Moreover, a new Fe3O4/starch-g-poly(ethylene phthalate) hydrogel nanocomposite has been prepared by grafting the copolymerization of poly(ethylene phthalate) onto starch [25]. The structure of the hydrogel nanocomposite and the relationship of Fe3O4 content with swelling behavior were determined [25]. When water absorption in nanocomposite with different amounts of Fe3O4 was determined, it was found that concentrations of 0.01 M FeCl2 and 0.005 M FeCl3 resulted in the maximum water absorption and swelling. Thus, the nanocomposite without Fe3O4 nanoparticles was the most suitable formulation for drug delivery since it had the best drug loading capacity and releasing behavior [25].
Starch-based hydrogels can be engineered to respond to external stimuli such as temperature, pH, light, and magnetic fields to achieve controlled drug release. These stimulus-responsive hydrogels undergo structural changes in response to specific stimuli, resulting in the release of encapsulated drugs.
Temperature-responsive hydrogels exhibit a lower critical solution temperature (LCST) or an upper critical solution temperature behavior.
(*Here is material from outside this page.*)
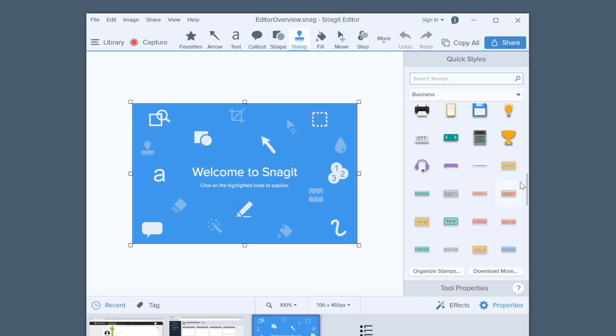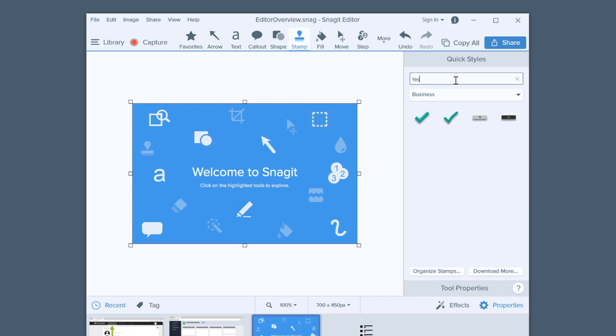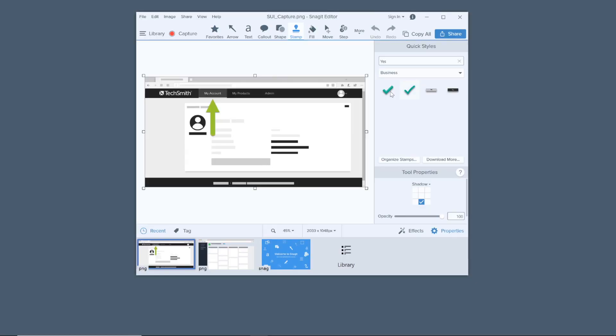So when you need to add a professional icon or graphic, select the stamp tool, choose your category, and search for what you want. Not sure exactly what you're looking for? You can scroll through all of the stamp categories to get an idea of what's available.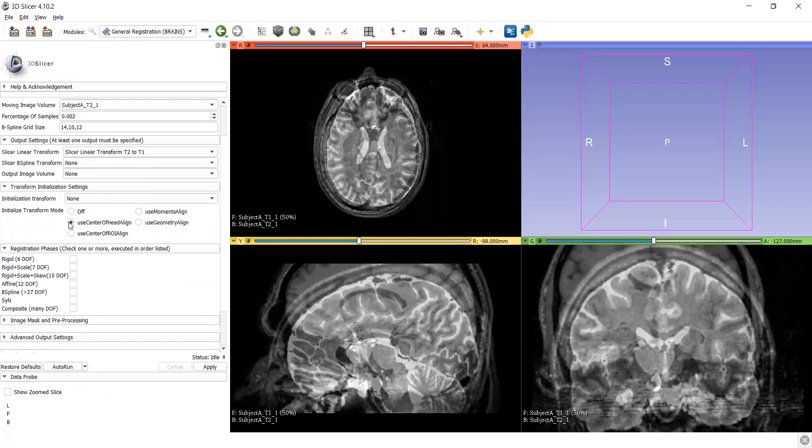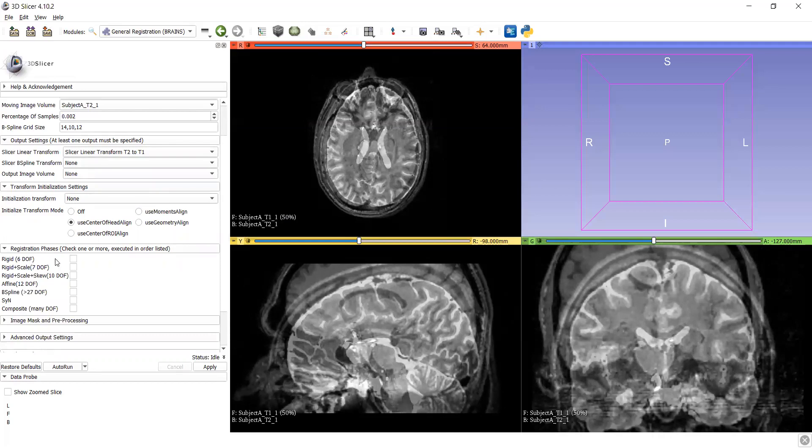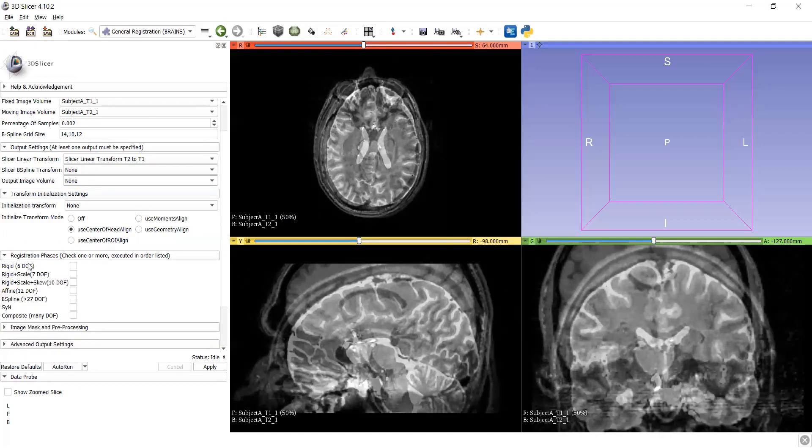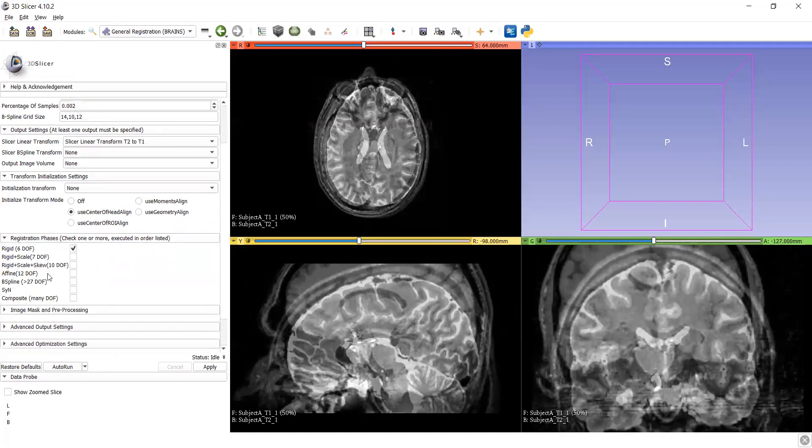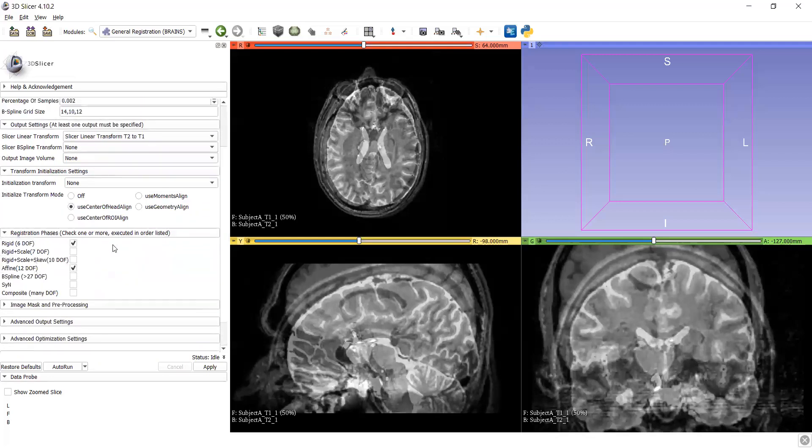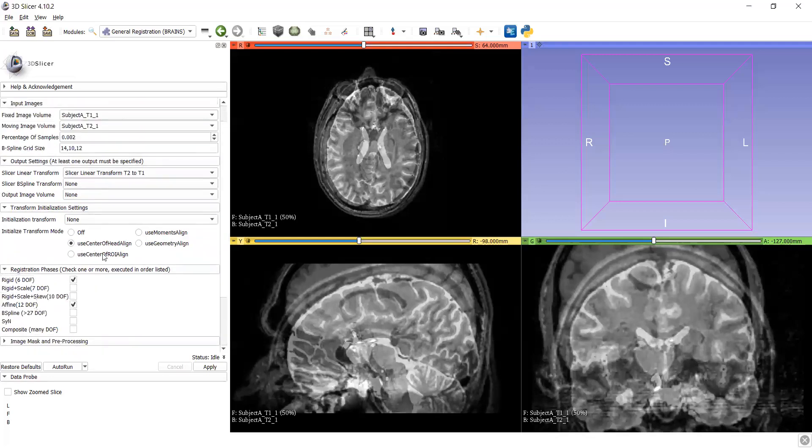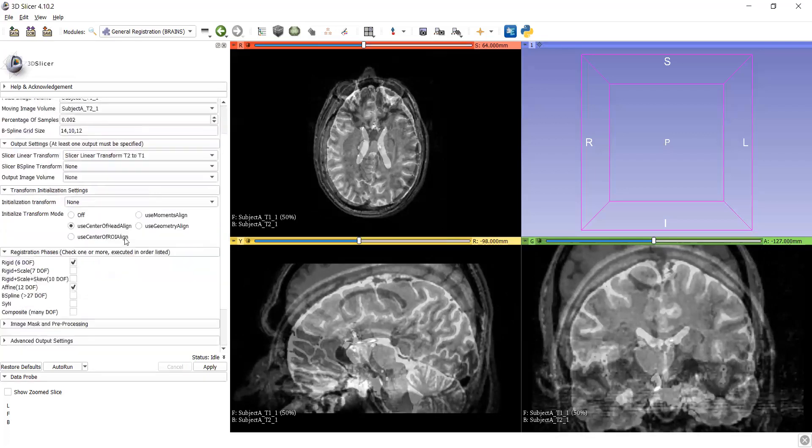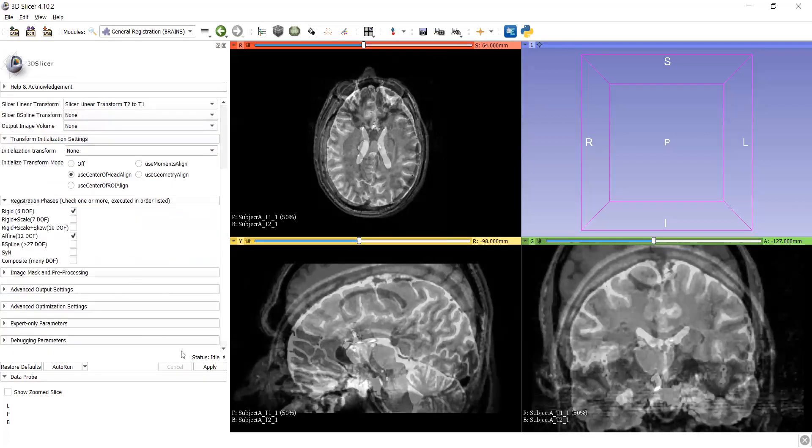Here we are using center of head aligns. As per data, we can use any, but I search this dataset work well on this. And also we are using registration page, this is the mini-phase. We are using affine transform and rigid. And nothing, all it is same. And put the apply.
Below or above this critical temperature, the hydrogel undergoes a transition, leading to changes in its swelling behavior and drug release kinetics. By selecting appropriate temperature-sensitive polymers or modifying the composition of the hydrogel, the release of drugs can be triggered or controlled by temperature changes. Cardoso et al. [26] have developed hydrogels of gellan gum and starch retrograded blends for drug delivery applications by controlling polymer and cross-linker concentrations. Structural modifications of the retrograded starch blend hydrogels were made using isothermal cycles at 4 °C or alternating thermal cycles. At cooling conditions (4 °C/8 days), hydrogels formed a more organized and stable structural network that resulted in a harder and more cohesive material. Hydrogels formed a looser network with higher mobility and became more adhesive under cycled temperatures (4 °C and 30 °C/16 days). In addition, Cardoso et al. [26] have demonstrated that these hydrogels can be adjusted for suitable adhesiveness, high strength, and elasticity as promising materials for mucoadhesive drug delivery systems. Dong et al. [27] have also prepared a starch-based thermosensitive hydrogel that shows reversible swelling and deswelling behavior as the temperature changes. They demonstrated that the addition of hydroxybutyl starch and PEG generated more porous structures and increased the swelling ratio. In addition, these hydrogels exhibited repeated swelling at 25 °C and deswelling at 45 °C.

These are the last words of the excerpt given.